We have to provide choice or document a way to build a recommended
gnunet release. Never expect distributors to handle this properly
on their own. It took way to long to split up TexLive, and that's
still being done inofficial with everyone following a different

> > If yes, then how would the build look like? Do they have to "fully" build 
> > gnunet 3 times and cherry pick binaries? Do they have separate the build by 
> > hand because we build everything or nothing?

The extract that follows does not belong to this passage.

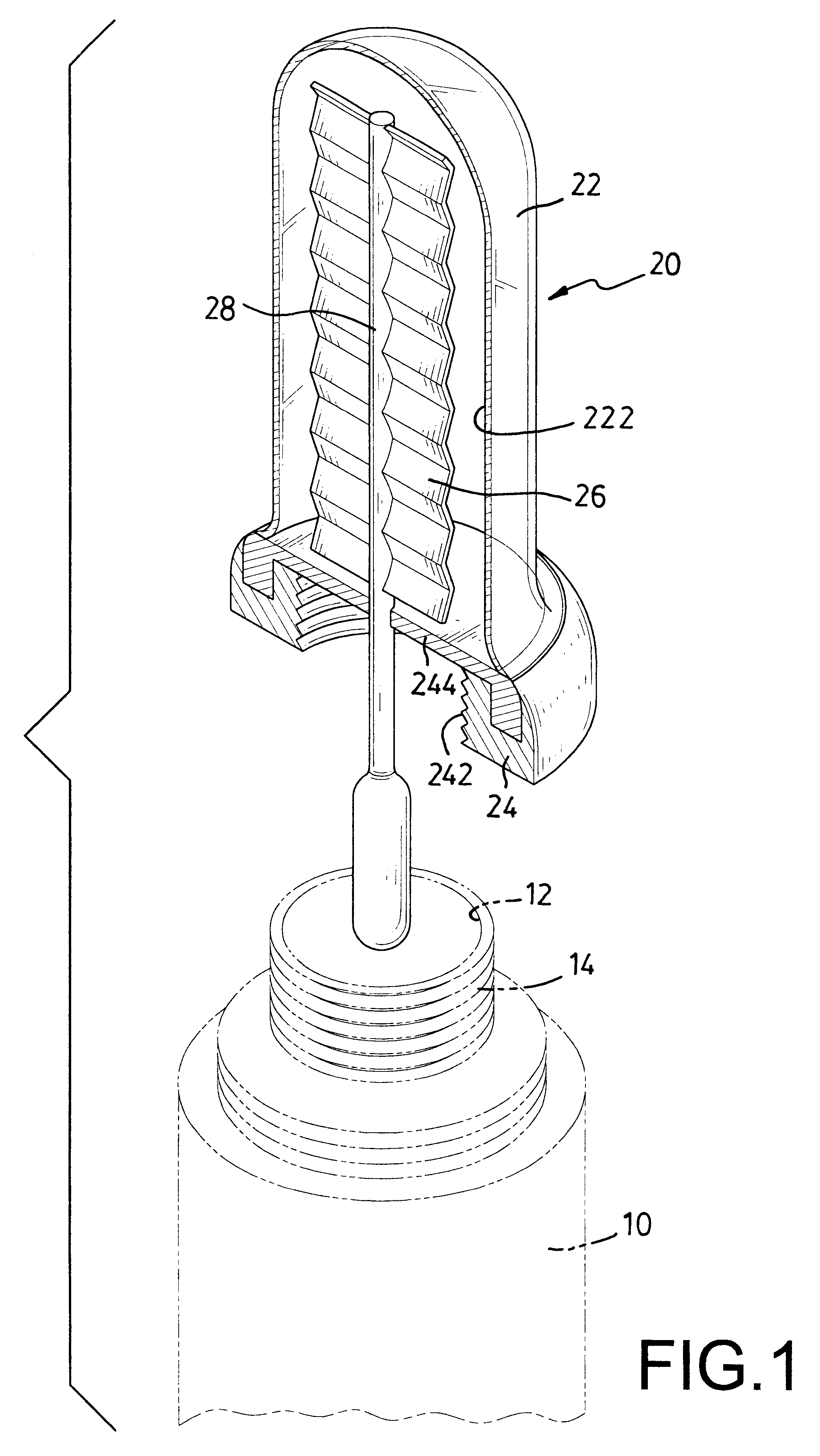 Thermal flask with a vacuum solar heating device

> It *should* suffice to build "everything" once, and then cherry pick
> binaries and/or resource files, simply because we have linked things
> _properly_ and use plugins where appropriate, so you can separate
> binaries related to sqlite from those related to postgres easily, while
> building both at the same time. The same holds for virtually everything
> else, including internal dependencies. So yes, distributors should just
> turn on everything, build everything once, but then have to cherry pick
> binaries by hand. But while we can provide guidance on the cherry
> picking, I don't think we can do away with it at the exact grouping
> depends on the distro's philosophy.